→ Exercise directions
Output each line of the listing exactly, though pictures are not to appear.

→ Recorded information
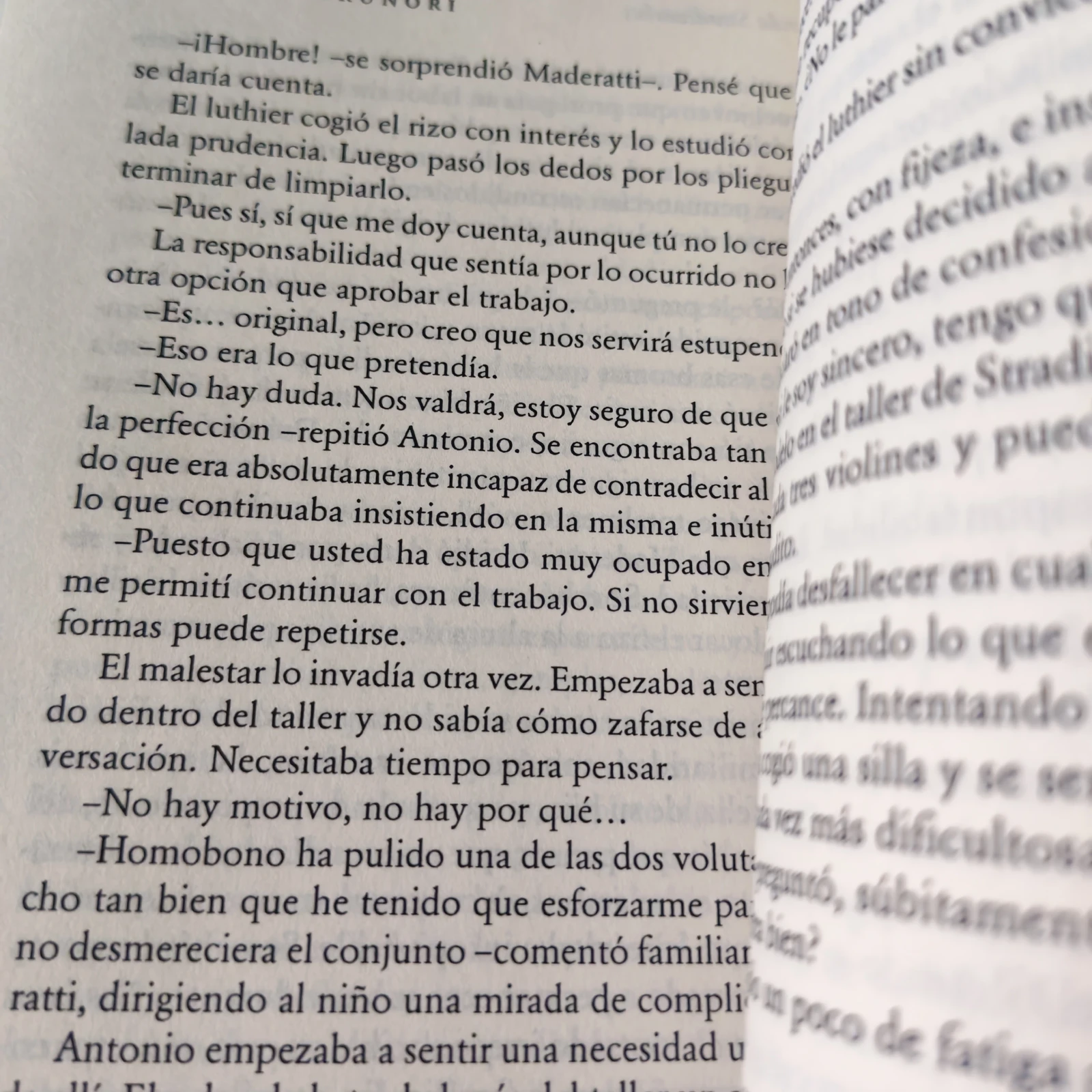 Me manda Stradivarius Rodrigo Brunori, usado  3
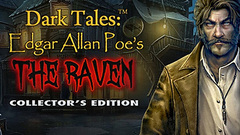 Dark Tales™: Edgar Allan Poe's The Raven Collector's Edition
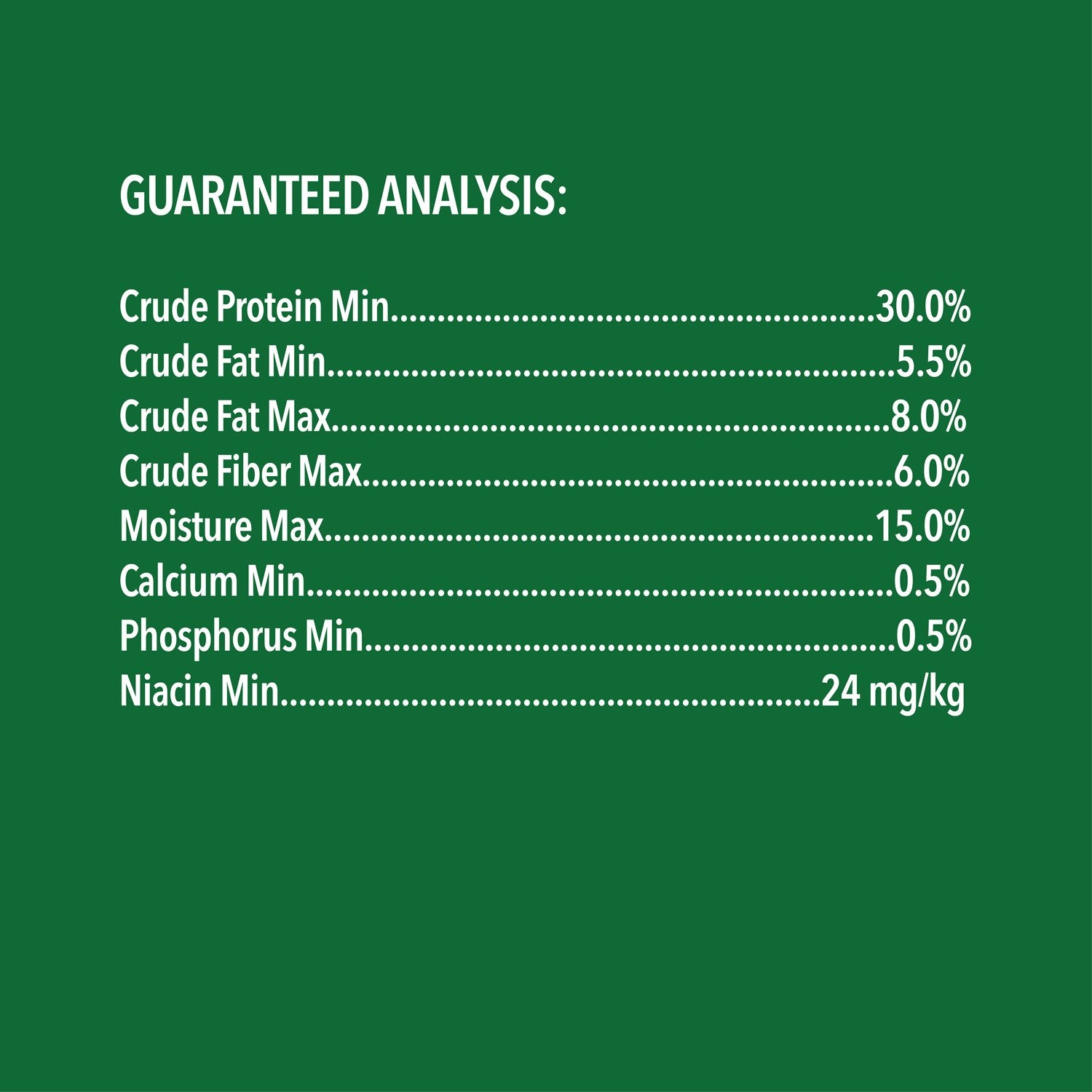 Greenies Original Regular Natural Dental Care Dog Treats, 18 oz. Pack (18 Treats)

→ Exercise result
 Me manda Stradivarius Rodrigo Brunori, usado  3
 Dark Tales™: Edgar Allan Poe's The Raven Collector's Edition
 Greenies Original Regular Natural Dental Care Dog Treats, 18 oz. Pack (18 Treats)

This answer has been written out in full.